The question now is whether the consensus reached between Trump and Xi Jinping in Busan, South Korea, yesterday means that the fight really has come to an end, and if so, on whose terms.
Trump rated it as a 12 out of 10 meeting. Both sides have taken some of their biggest guns off the table, but this appears closer to a truce than a durable peace setting stable boundaries for China's relations with the US.
Nevertheless, the outline of a broader long-term diplomatic relationship is visible, with announced reciprocal visits by each leader within a year. That is very different from what China hawks in Congress were hoping for when Trump came to power, and will set alarm bells ringing among Republicans and Democrats.
One of the difficulties has been that Trump's strategic objectives in launching the trade war were not articulated - the balance between protecting traditional US manufacturing, ringfencing technology-based industries critical to US national security, punishing Chinese trade practices or, more broadly, overpowering China as a competitive threat generally, was fudged.

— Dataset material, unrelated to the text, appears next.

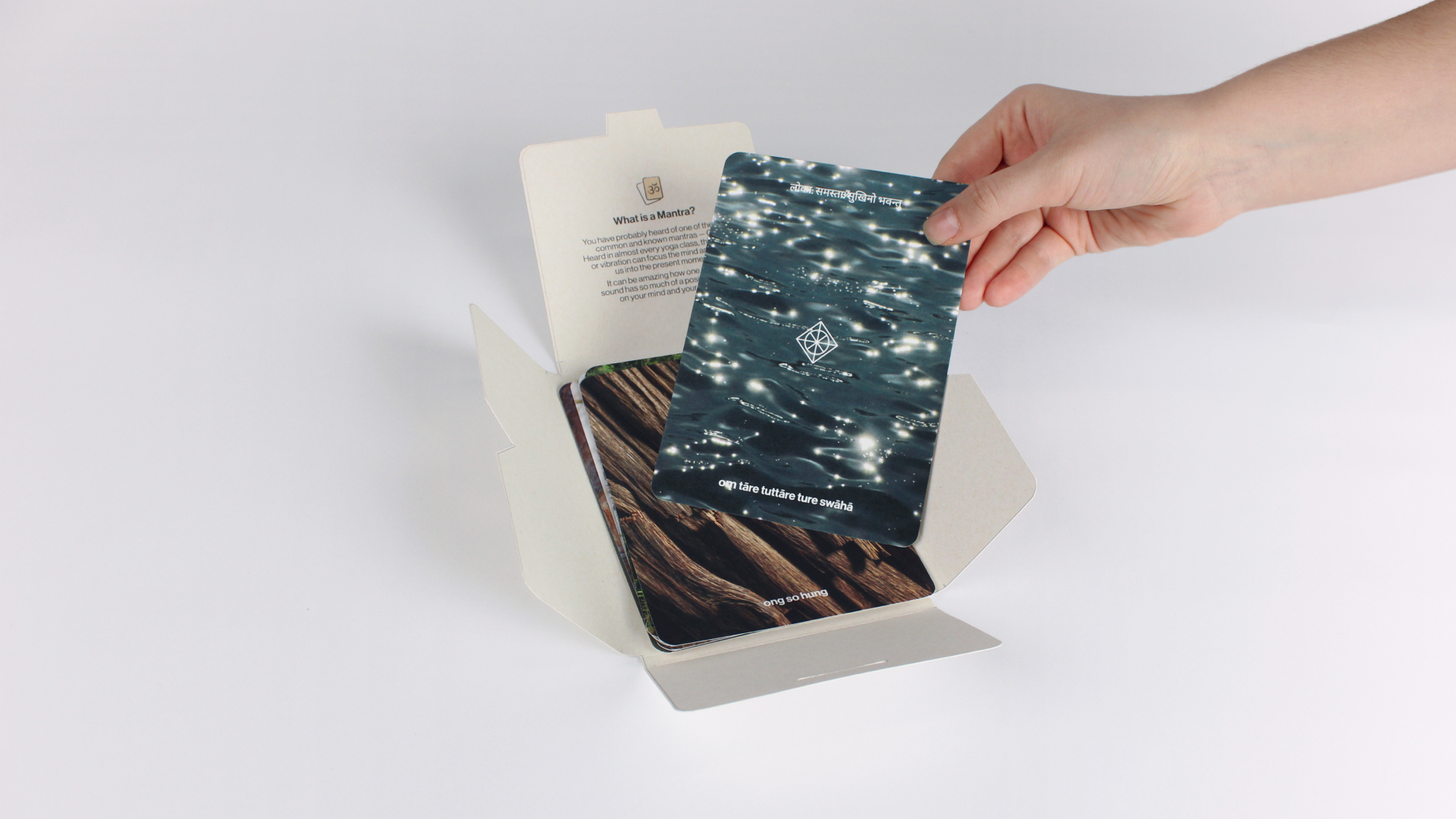 Йога-ретрит Mashalla — Изображение №38 — Брендинг, Графика на Dprofile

Gradually the battle morphed in some minds in the US administration from a trade war into a geopolitical trial of strength between the two world superpowers, with the whole world awaiting the outcome.
As a result it has been a turbulent six months, involving undulating tariffs, export curbs, threats, counter threats, deferral and monopolies inquiries, interspersed with five rounds of trade talks in Madrid, London, Geneva, Stockholm and Kuala Lumpur, culminating in two hours of direct talks between Trump and Xi, their first meeting since 2019.